Our findings allow us to draw several conclusions regarding process management. Firstly, our observation that BPA is key to improving PMA indicates that managers aiming to achieve an appropriate level of process maturity should focus on assessing and developing the right capabilities to adapt quickly and effectively to the market environment. This action should be reinforced not only through employee training but also by matching appropriate cultural patterns and employee incentive systems. Secondly, the identified relationship indicating a significant impact of BPA on BP with the mediating role of PMA implies the necessity to orchestrate BPA and PMA in order to achieve BP. This suggests that the level of BPA should be aligned with the PMA at which the organisation is currently operating or aspires to achieve. Too low or too high a level of BPA intensity may be insufficient or unproductive from a process maturity perspective. Therefore, it is recommended that managers identify the PMA level and subsequently develop the capacity to adapt to change and control uncertainty within BPA. Thirdly, the patterns of similarity of the positions identified for BPA and BP in relation to PMA (see Table 7) can provide managers with an indication of which BPA capabilities at particular levels of PMA need to be strengthened and developed in order to achieve specific results in the area of BP.

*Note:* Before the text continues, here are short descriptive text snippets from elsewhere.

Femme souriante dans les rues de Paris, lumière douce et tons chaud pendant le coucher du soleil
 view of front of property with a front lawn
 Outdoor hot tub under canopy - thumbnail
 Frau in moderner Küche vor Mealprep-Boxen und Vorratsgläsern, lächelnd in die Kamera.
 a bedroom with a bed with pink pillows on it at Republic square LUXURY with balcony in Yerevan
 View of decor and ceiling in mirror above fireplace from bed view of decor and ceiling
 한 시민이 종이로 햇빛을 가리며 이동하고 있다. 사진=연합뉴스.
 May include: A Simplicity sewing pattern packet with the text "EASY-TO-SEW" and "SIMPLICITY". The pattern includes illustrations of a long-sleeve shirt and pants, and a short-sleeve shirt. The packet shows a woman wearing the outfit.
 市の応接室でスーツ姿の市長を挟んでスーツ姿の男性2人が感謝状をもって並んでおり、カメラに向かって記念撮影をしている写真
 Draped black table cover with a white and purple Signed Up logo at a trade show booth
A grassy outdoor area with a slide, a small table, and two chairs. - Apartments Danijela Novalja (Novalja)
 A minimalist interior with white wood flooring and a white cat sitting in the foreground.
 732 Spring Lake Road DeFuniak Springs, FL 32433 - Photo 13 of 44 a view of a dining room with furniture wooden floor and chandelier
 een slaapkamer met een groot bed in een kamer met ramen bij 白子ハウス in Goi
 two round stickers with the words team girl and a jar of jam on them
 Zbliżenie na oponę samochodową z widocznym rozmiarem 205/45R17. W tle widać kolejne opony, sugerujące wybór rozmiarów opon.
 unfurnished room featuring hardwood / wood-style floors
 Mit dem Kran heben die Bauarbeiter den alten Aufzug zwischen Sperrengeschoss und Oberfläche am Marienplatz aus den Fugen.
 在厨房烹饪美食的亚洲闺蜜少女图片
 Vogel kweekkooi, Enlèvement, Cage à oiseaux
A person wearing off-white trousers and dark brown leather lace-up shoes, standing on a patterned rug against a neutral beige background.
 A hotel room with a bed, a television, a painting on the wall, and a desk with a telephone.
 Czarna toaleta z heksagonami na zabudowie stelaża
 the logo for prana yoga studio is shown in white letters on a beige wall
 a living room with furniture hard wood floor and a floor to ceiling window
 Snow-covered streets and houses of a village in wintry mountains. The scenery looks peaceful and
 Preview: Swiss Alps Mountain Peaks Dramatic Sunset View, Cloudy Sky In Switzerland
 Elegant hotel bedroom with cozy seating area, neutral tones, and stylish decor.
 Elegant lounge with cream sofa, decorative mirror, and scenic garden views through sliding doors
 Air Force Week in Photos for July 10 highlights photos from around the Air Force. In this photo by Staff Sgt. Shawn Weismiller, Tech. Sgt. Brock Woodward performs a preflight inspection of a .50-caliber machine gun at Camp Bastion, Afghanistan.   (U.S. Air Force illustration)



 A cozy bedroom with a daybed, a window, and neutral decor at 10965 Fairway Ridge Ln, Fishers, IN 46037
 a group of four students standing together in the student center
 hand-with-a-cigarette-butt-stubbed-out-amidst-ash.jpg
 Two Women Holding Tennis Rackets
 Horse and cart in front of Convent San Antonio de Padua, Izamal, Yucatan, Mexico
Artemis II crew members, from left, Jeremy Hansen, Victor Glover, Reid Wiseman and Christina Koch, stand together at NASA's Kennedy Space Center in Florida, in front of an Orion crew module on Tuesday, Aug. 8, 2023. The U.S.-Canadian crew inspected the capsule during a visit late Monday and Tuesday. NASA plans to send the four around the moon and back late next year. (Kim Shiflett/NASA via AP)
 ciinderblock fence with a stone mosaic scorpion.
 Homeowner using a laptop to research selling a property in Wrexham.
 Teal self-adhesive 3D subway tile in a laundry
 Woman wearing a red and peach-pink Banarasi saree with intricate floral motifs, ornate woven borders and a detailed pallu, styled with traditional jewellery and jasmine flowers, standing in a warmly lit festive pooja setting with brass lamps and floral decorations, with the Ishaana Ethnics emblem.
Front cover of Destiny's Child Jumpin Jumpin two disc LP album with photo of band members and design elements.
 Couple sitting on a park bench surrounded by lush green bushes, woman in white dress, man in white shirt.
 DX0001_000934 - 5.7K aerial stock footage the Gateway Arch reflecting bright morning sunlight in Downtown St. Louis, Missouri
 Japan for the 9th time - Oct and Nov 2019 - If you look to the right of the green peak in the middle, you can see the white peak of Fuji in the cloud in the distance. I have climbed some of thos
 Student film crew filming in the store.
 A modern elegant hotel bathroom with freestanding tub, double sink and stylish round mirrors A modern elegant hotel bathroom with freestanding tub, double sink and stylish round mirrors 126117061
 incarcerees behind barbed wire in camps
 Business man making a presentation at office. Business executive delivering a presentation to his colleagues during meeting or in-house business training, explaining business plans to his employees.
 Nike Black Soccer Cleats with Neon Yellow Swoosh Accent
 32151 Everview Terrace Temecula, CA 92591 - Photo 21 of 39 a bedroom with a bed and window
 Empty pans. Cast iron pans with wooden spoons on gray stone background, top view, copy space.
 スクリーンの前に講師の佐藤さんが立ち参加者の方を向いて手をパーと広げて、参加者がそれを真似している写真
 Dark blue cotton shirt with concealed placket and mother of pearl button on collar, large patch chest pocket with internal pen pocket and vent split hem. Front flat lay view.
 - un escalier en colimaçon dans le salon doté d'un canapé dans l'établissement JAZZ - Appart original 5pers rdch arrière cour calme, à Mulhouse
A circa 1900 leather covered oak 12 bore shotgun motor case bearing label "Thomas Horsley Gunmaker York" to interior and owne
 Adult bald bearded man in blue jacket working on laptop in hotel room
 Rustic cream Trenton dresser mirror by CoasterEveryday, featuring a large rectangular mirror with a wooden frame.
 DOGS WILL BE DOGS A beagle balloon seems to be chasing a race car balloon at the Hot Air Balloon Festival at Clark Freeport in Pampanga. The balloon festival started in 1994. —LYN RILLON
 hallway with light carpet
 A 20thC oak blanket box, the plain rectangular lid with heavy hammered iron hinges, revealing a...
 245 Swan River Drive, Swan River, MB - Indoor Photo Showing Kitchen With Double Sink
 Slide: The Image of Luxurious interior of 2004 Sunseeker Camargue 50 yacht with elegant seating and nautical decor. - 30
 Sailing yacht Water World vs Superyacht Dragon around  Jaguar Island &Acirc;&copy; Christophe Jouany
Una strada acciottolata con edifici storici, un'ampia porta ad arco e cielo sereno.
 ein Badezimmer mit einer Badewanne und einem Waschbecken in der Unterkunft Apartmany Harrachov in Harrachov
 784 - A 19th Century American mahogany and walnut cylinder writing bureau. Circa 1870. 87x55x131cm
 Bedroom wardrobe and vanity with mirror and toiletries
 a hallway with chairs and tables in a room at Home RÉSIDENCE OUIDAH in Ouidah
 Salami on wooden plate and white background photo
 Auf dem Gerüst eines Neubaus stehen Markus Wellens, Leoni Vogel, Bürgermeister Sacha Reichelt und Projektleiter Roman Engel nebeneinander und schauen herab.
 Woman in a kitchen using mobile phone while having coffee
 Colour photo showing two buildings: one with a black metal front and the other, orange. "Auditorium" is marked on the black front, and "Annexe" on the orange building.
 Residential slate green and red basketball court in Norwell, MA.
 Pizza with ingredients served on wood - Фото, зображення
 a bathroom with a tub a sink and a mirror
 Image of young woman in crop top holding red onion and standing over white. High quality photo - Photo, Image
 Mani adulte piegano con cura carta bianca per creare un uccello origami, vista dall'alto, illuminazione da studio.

The research contributes to the development of process management theory by clarifying the role of process maturity as a mediating variable in the relationship between business process agility and business performance. The study confirms that business process agility plays a key role in shaping business performance and that the impact of business process agility on business performance is reinforced by process maturity. This reflects the dynamism and unpredictability of the environment, which translates into the need for companies to evolve towards greater business process agility so as to ensure an appropriate level of business performance.